I've basically sowing the thing together in multiple parts. The sides are being made from white anti-pill fleece, the underbelly will be segmented like that of a snake made up of sewn pieces of faux scale that create scutes....the end is going be a plume of 4 inch modacrylic faux hair from a specialty site, and to top it off I am using white faux fur about an inch think to line the top of the tail where the two white peices of anti-pill fleece connect.

On top of that I am sowing in a sheath to the top(inside the tail), and inserting a thick gauge copper wire into that which will make it posabe give it form while keeping it off the ground. The tip of the wire will be worked into a heavy duty belt that goes around my waist. That will be covered up of course when the costume in done.
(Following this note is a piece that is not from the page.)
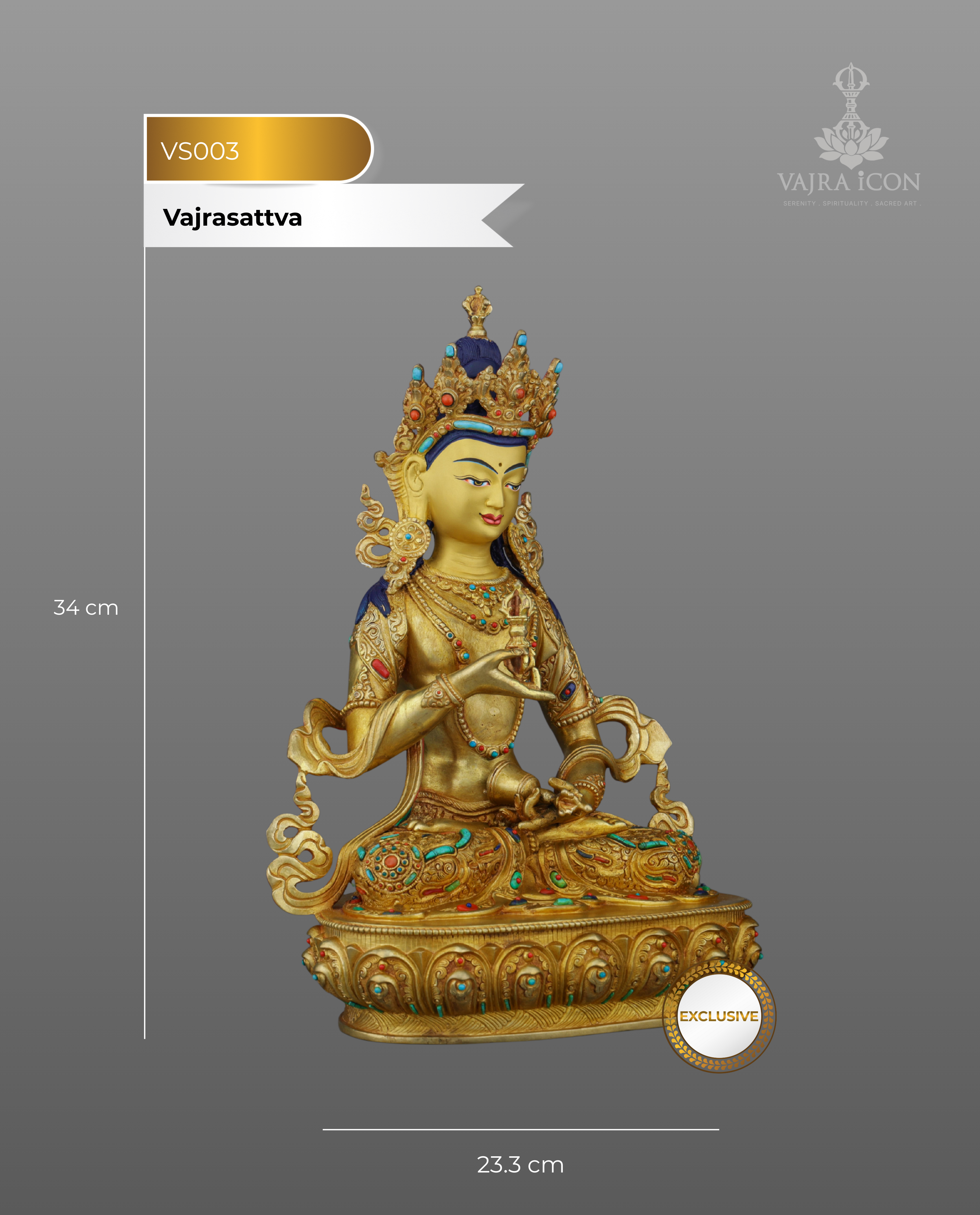 Pure Diamond Being | Nepalese Handcrafted 24K Gold Gilded Vajrasattva – Buddha of Purification and Spiritual Renewal
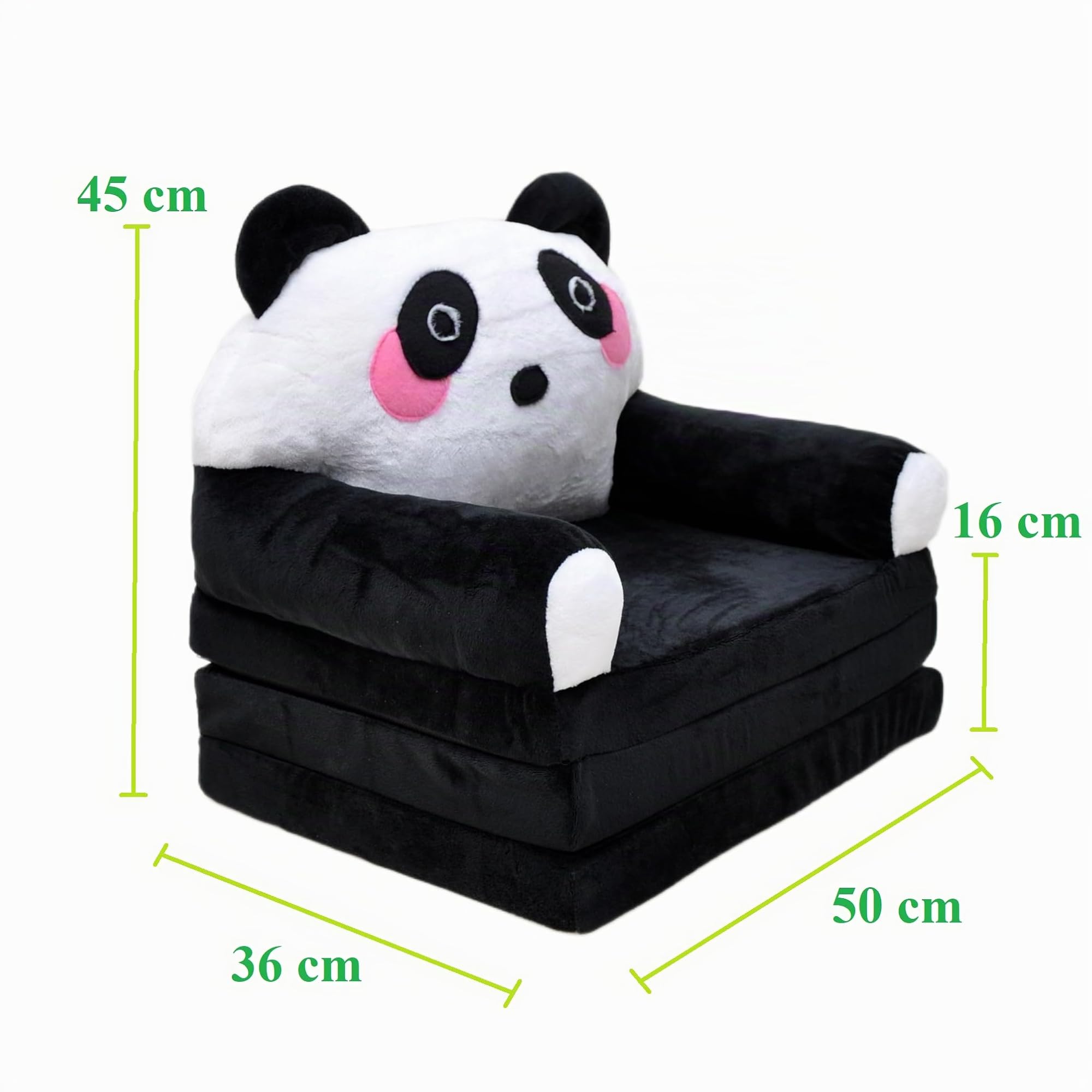 Fauteuil pour Enfant, Mini Fauteuil Pliable 2 en 1, Chaise Douillette en Peluche avec Matelas, canapé lit pour Chambre d’Enfant (Panda)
I'll be starting work on the tail soon...but you might seek to do something similar to what I am doing..or not. My way of doing it is complicated but I am making damn sure I make this dragon come out right...I want to sort of make this costume a tribute to the eastern dragon, not an insult to it, you know?

EDIT: Minor detail, I am using cluster filling to stuff it since the stuff is really light weight...which help make an already heavy build a bit lighter.


----------



## brightfire (Jan 21, 2009)

CombatRaccoon said:


> OH
> and as for the fabric, Don't use leather, for pete's sake. I mean if you were just a normal dude in some leather shoes, fine, fine. But you're dressing up as an animal you connect with. I mean even though the leather comes from a cow, it's still animal skin... it's basically the same as seeing a person wearing a human skin coat.



The best dragon I've ever seen had leather scales.


----------